- **What the exercise asks**: Draw out every line with the word "Women" from the listing below.

- **Provided records**:
************
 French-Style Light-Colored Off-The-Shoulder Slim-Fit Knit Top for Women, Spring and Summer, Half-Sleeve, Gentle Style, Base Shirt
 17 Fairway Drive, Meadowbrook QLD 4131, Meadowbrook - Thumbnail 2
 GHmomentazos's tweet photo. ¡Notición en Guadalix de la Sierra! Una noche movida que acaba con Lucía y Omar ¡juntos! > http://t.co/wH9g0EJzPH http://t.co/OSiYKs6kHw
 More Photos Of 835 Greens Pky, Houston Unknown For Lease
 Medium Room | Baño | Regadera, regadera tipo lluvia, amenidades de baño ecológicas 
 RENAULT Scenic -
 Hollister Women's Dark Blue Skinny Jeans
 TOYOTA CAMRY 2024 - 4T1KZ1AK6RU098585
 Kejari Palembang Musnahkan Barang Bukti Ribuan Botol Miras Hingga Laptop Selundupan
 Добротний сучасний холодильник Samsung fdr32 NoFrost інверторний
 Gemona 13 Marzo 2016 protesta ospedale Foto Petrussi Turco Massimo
************
- **Answer to this problem**:
 French-Style Light-Colored Off-The-Shoulder Slim-Fit Knit Top for Women, Spring and Summer, Half-Sleeve, Gentle Style, Base Shirt
 Hollister Women's Dark Blue Skinny Jeans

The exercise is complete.